* **SOURCE DATA**
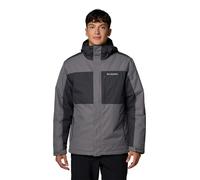Columbia Tipton Peak III Insulated Jacket Veste Isolante, Gris/Requin, Taille L Homme
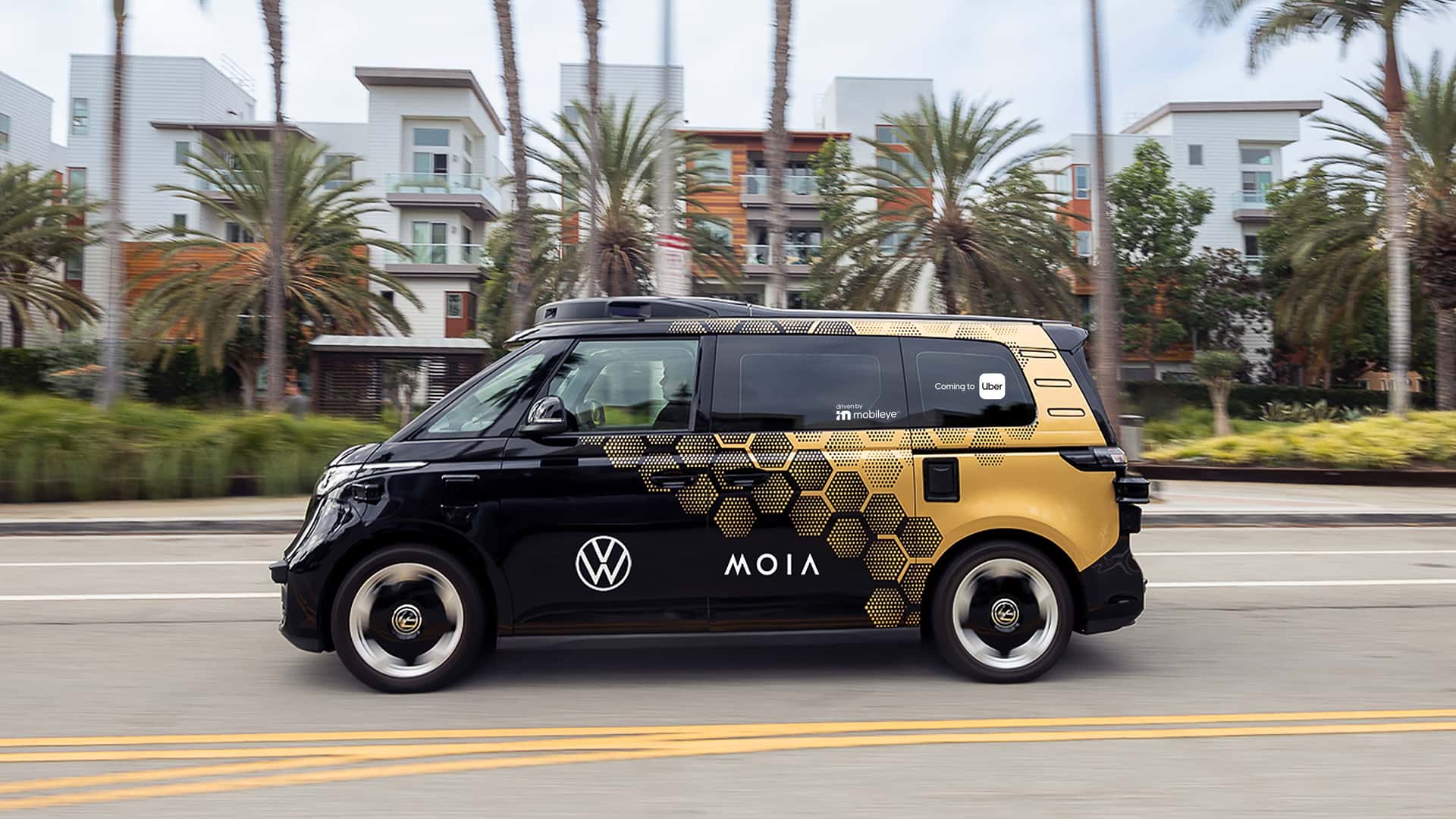 Volkswagen ID. Buzz Robotaxi Testing Begins in Los Angeles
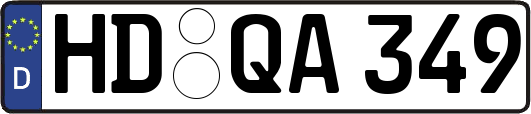 HD-QA349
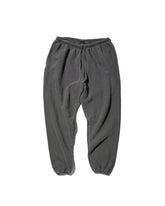 CCTB / CHAIN BAGGY SWEAT PANTS PIGMENT BLACK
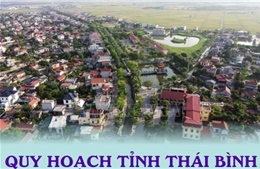 Quy hoạch tỉnh Thái Bình thời kỳ 2021-2030, tầm nhìn đến năm 2050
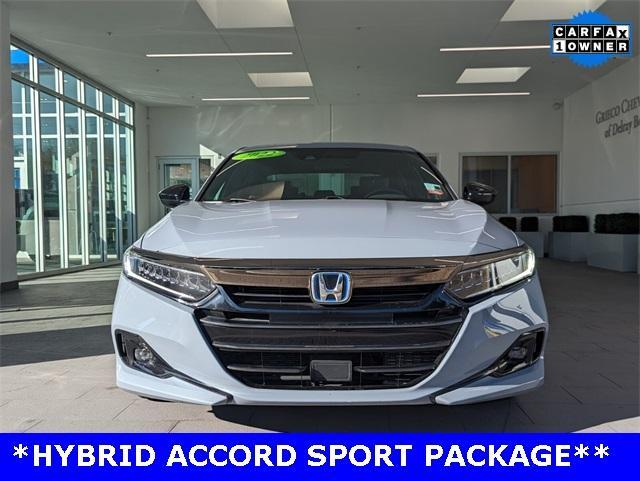 used 2022 Honda Accord Hybrid car, priced at $25,791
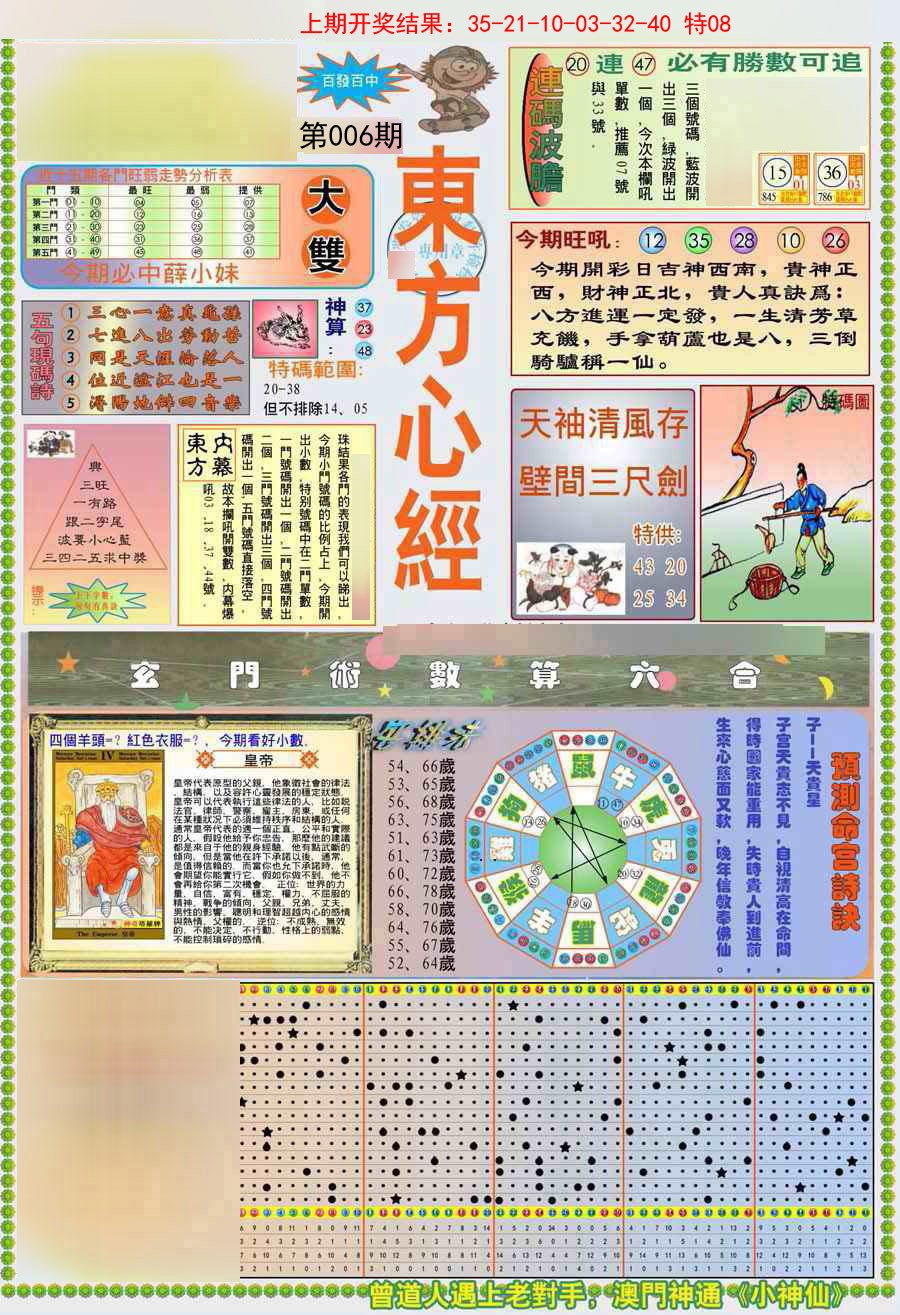 006期(新版)东方心经A[图]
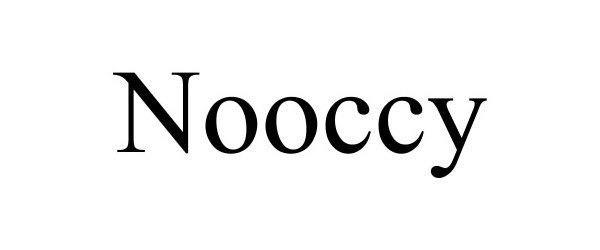 NOOCCY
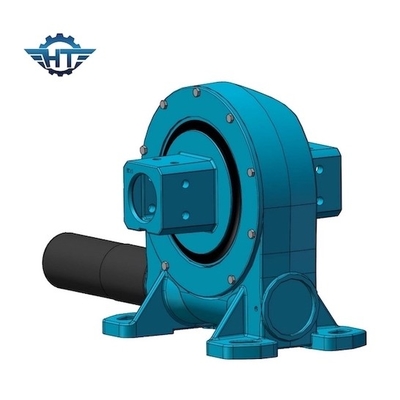 VE7 Vertical Solar Slew Drive Envelope Worm Gearbox For Sun Tracking Systems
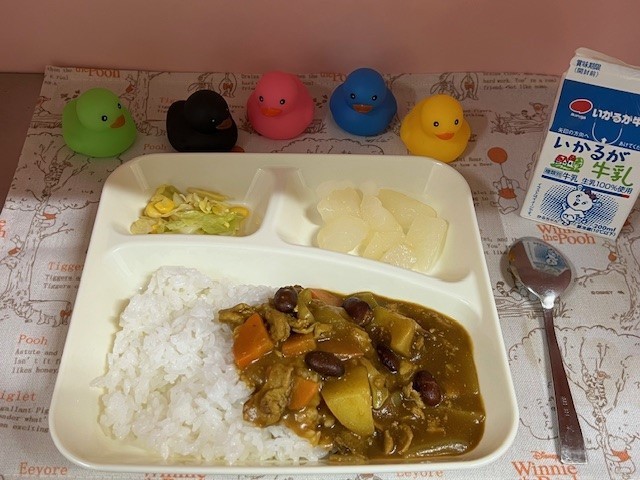 みんな大好きカレーライス♪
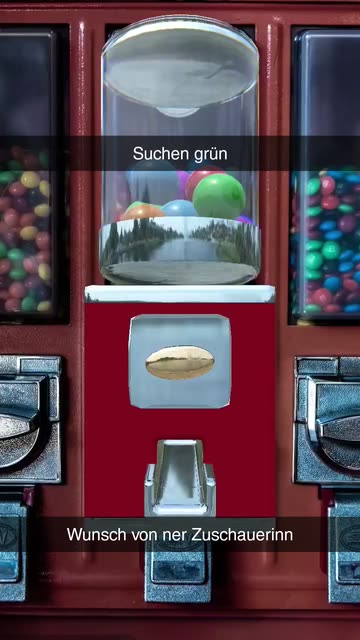 Preview for a Spotlight video that uses the Gumball Machine Lens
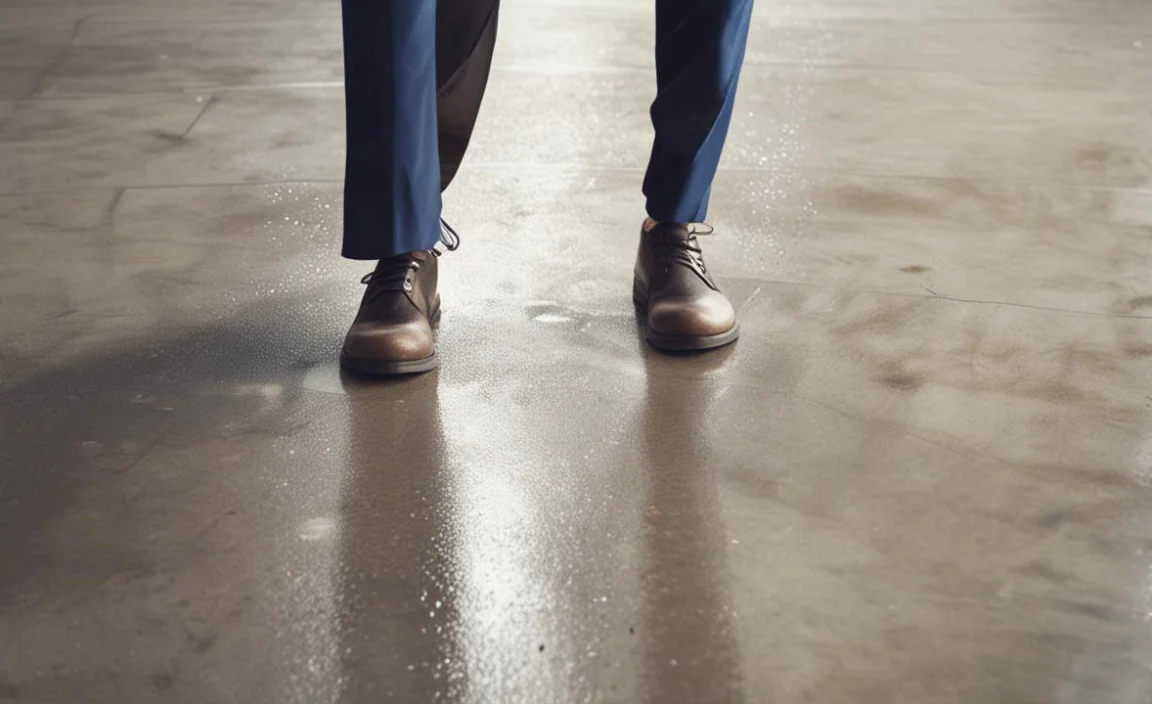 Cleaning Surfaces to Prevent Slips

* **TASK TO COMPLETE**
In transcribing the records, omit the pictures and keep everything else exactly as it appears.

* **ANSWER SECTION**
Columbia Tipton Peak III Insulated Jacket Veste Isolante, Gris/Requin, Taille L Homme
 Volkswagen ID. Buzz Robotaxi Testing Begins in Los Angeles
 HD-QA349
 CCTB / CHAIN BAGGY SWEAT PANTS PIGMENT BLACK
 Quy hoạch tỉnh Thái Bình thời kỳ 2021-2030, tầm nhìn đến năm 2050
 used 2022 Honda Accord Hybrid car, priced at $25,791
 006期(新版)东方心经A[图]
 NOOCCY
 VE7 Vertical Solar Slew Drive Envelope Worm Gearbox For Sun Tracking Systems
 みんな大好きカレーライス♪
 Preview for a Spotlight video that uses the Gumball Machine Lens
 Cleaning Surfaces to Prevent Slips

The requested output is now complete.